Vinum, 1.11.2018 – Die Mutter aller CH-Grand-Crus
Qualitative Innovationen sind im Weinbau nicht selten Reaktionen auf Katastrophen. 1982 kellerten die Walliser Winzer fast 80 Millionen Liter Wein ein, doppelt so viel wie in den Vorjahren. Die Traubenpreise fielendrastisch, die Walliser Weinbauszene stand nahe am Kollaps. Zu einer der positivsten Reaktionen rauften sich 1988 die Winzer des Weinbaudorfs Salgesch zusammen und lancierten für ihre Paradesorte, den Pinot Noir, den Grand Cru Salgesch. Mit strengen Vorschriften. Die Trauben mussten von speziell erfassten Parzellen stammen, der Ertrag wurde auf ein Kilo, später auf 800 Gramm pro Quadratmeter beschränkt. Aufzuckerung war verboten und der Einsatz von schwefliger Säure limitiert.
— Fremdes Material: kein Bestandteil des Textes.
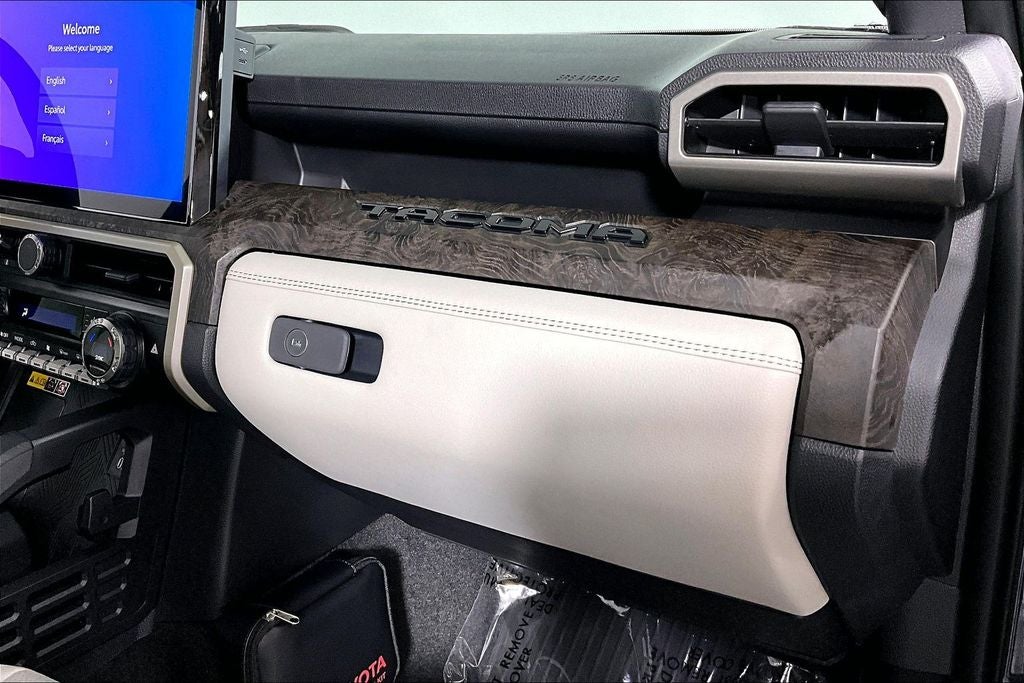 2025 Toyota Tacoma Hybrid Limited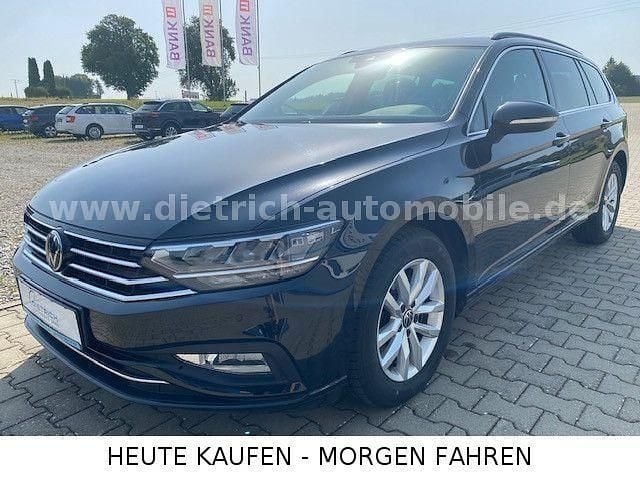 Deep black perleffekt Gebraucht 2023 VW Passat Kombi | 21.490 € (Guter Preis) - Bild 1/4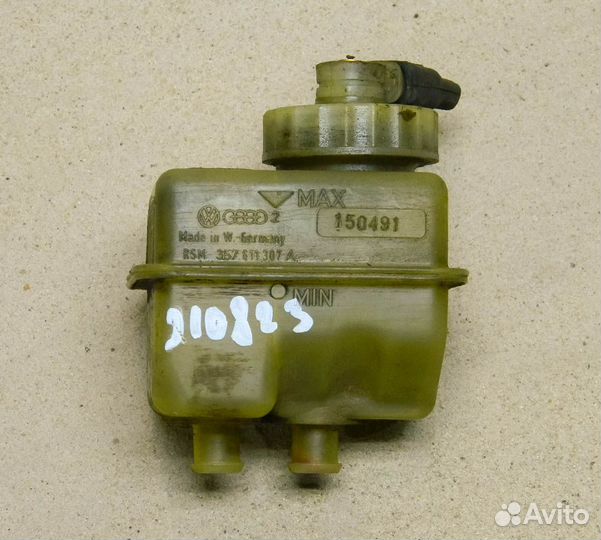 Бачок гтц VW Golf 2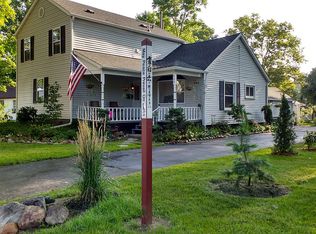 620 N Main St, Chelsea, MI 48118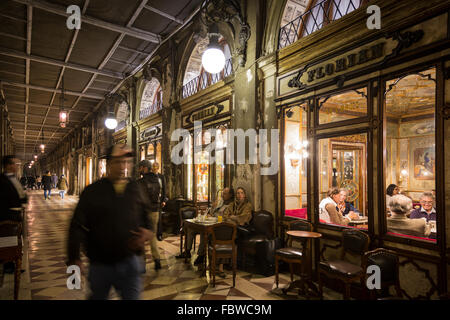 Caffè Florian in Piazza San Marco, Venezia, Italia Foto Stock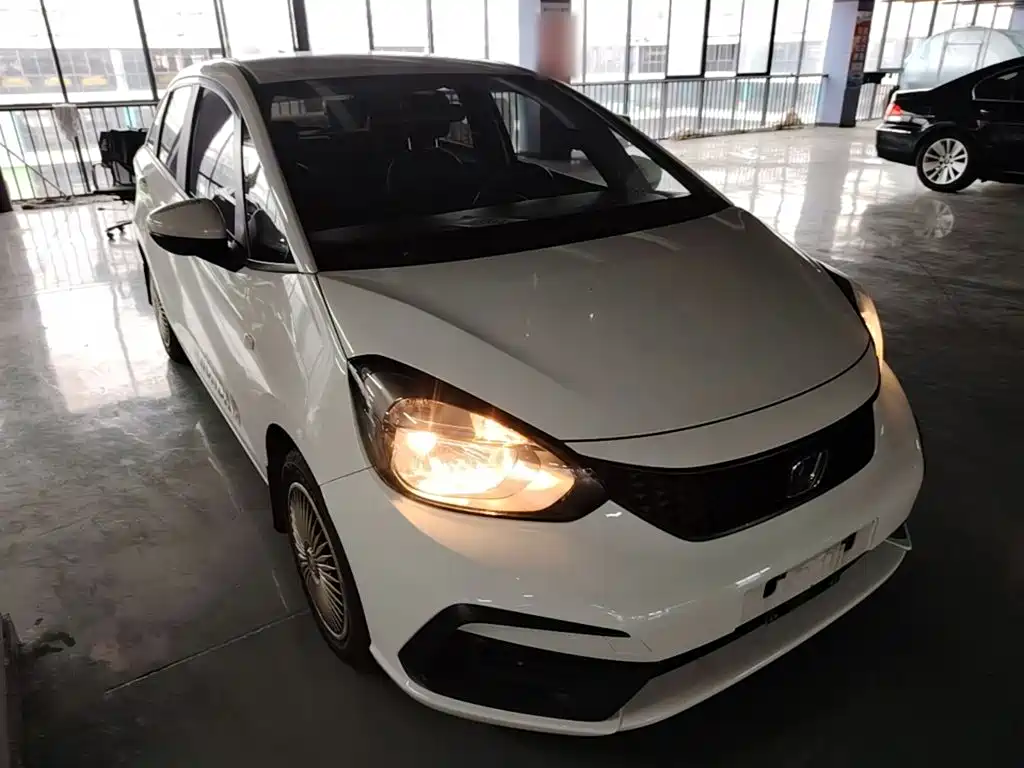 Honda Fit — фото 4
Und die Qualität der Weine musste von einer Verkostungskommission garantiert werden. Der vielleicht mutigste Passus betraf den Ausbau. Zu einer Zeit, in der für ambitionierte Pinots die Reifung im Eichenfass gewissermassen zum Standard avancierte, verbot das Grand-Cru-Reglement explizit den Ausbau in Eichenbarriques. Der unverfälschte Charakter der Weine sollte im Vordergrund stehen. Damit förderten die Salgescher Winzer schon vor 30 Jahren eine Pinot-Stilistik, die gegenwärtig wieder mehr Anhänger gewinnt. Bei der Feier zum 30-jährigen Bestehen des Salgescher Grand Crus diskutierten die Winzer mit Journalisten über den heutigen Stellenwert dieses Qualitätslabels. Dabei wurde auch die Frage gestellt, ob der Pinot Noir angesichts der klimatischen Veränderungen auch künftig der richtige Qualitätsbotschafter für das Salgescher Terroir ist. Gerade die Grand-Cru-Winzer bewiesen, dass mittels Höhe und Ausrichtung der Parzellen, Blatt-Management, Erntezeitpunkt, aber auch Massnahmen in der Vinifikation (etwa Vergärung mit Rappen) heute in Salgesch Pinots entstehen, die mit Frische und Eleganz überzeugen. Und einem erstaunlichen Entwicklungspotenzial. Bei der Vertikalverkostung von Grand-Cru-Pinots bis zurück ins Gründerjahr 1988 zeigten sich gerade die ältesten Vertreter erstaunlich lebendig.
Adrian & Diego Mathier – Salgesch, Schweiz
Pinot Noir Grand Cru 1988
17 Punkte / 2018 bis 2021
Sehr vielschichtige Aromatik mit einer noch immer fast zart wirkenden, leicht süsslichen Beerenfrucht, dazu Wiesenkräuter, dezent erdige Aspekte und ein Anflug von Tee, Unterholz und herbstlichem Laub. Im Gaumen dicht gewoben, mit einer weichen, reif wirkenden Fruchtfülle. Gut strukturiert. Zeigt noch immer viel Charakter und macht Spass zu Trinken.